For a frequency distribution with frequencies f and values y
this gives (in expressions which I am sure can be written
more simply)
the mean as f m. y
deviations from the mean y - f m. y
the mean squared deviation f m. *: y - f m. y
In doing calculations with density functions the weighted mean
is always required to find statistics of the distribution, and
if there is any transformation of the variable then that also
requires use of a weighted mean calculation to find parameters of
the transformed distribution. Since variable transformation is
often required the function proves very useful in numerical studies.
The expectation of a function g of y under a density p y
becomes just (p y) m. g y or better (p m. g) y
Using an obvious notation, the two commonest price index
numbers become
laspeyres (p0*q0) m. p1%p0
paasche (p0*q1) m. p1%p0
In the Dictionary, the concept of using the left argument for
the degrees of freedom is introduced. The degrees of freedom
are generally only important in second moment calculations
with unweighted data.
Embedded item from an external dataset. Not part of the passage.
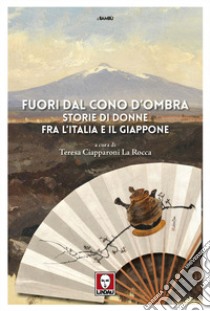 Fuori dal cono d'ombra. Storie di donne fra l'Italia e il Giappone libro di Ciapparoni La Rocca T. (cur.)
It seems to me that is giving a special
case unwarranted importance. The degrees of freedom are
simply corrected for using a multiplier. In the simplest case
it is just (#%(_1&+&#)) y , but a whole range of other cases
are equally simply dealt with.
I note that Table 1 uses moment as the description of the
dyadic case of m. If that represents an earlier (or later
idea) it again seems to me inappropriate. The moments are
highly specialised means and best dealt with using the mean of
some transformation of the variable, e.g. in the monadic case
m. (y - m. y)^4
with the dyadic case
f m. ( y - f m. y)^4
n.
I would define n. to be consistent with m. Hence the
monadic case would be with divisor #y, and the dyadic case
would give normalised deviations from a weighted mean. Again
if there is a need to adjust degrees of freedom for a
particular case I would prefer to see a multiplier used since
in many cases items have non-integer weights. Alternatively,
a similar procedure could be adopted as with the fit
conjunction, this time however using a degrees of freedom
conjunction. That solution could give I believe the features
you want with the added flexibility and power permitted by
generalising to weighted means. The DF conjunction would then
only be needed in cases where the data were individual
observations and the adjustment was required for a particular
statistic or calculation.
The dictionary definition of the dyadic case seems to me to
give an expression almost never used since apart from squared
deviations we seldom use a mean with divisor less than #y.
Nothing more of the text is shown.